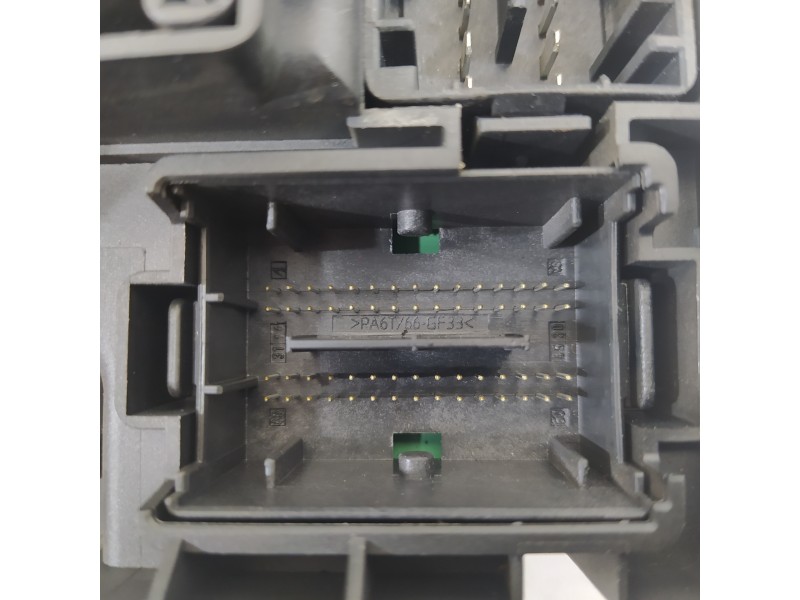 Recambio de caja reles / fusibles para opel corsa d selective referencia OEM IAM 13320628  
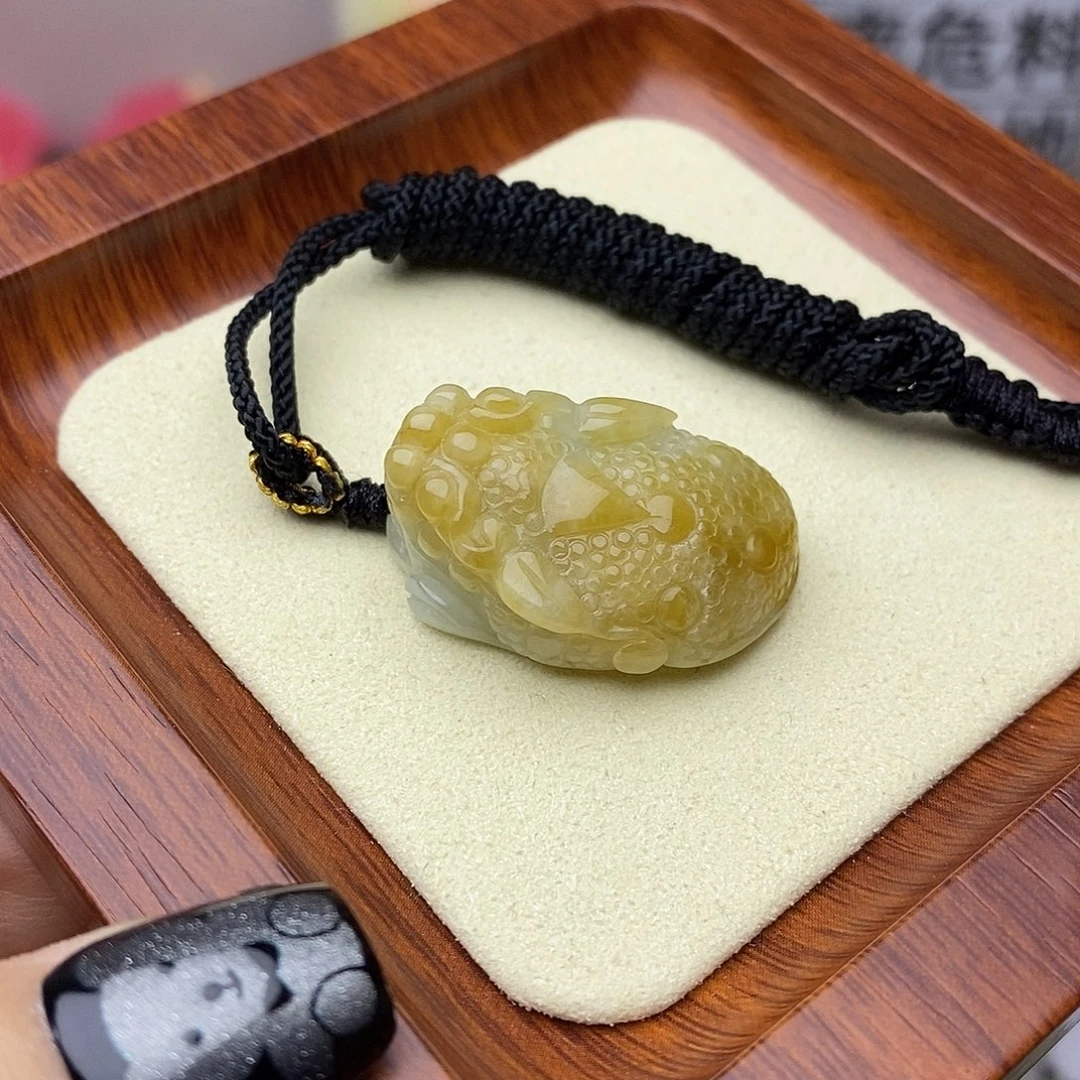 翡翠未镶嵌颈饰三脚金蝉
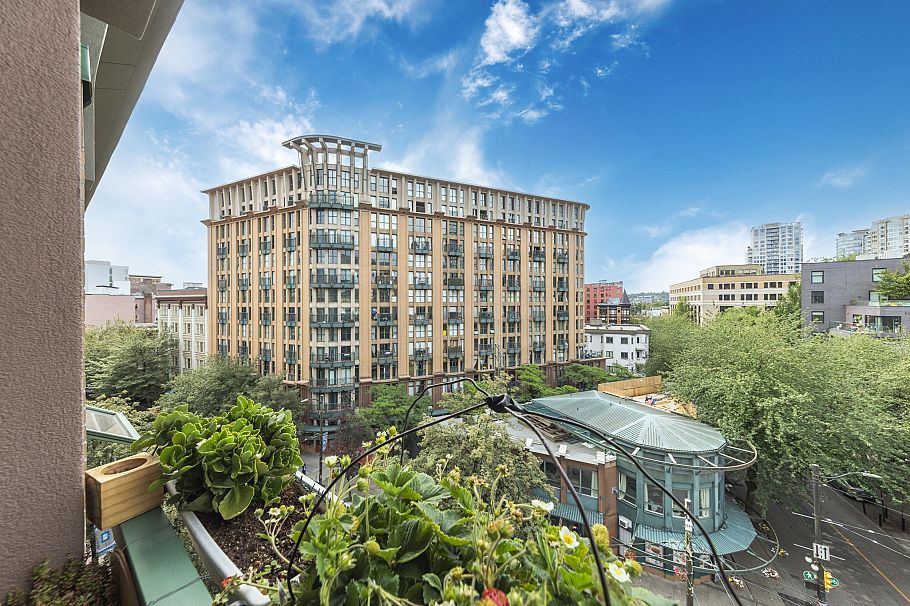 504 1 E Cordova Street Vancouver, BC - 28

— What you have to do —
Repeat every line above precisely; pictures do not belong in the copy.

— Answer box —
 Recambio de caja reles / fusibles para opel corsa d selective referencia OEM IAM 13320628  
 翡翠未镶嵌颈饰三脚金蝉
 504 1 E Cordova Street Vancouver, BC - 28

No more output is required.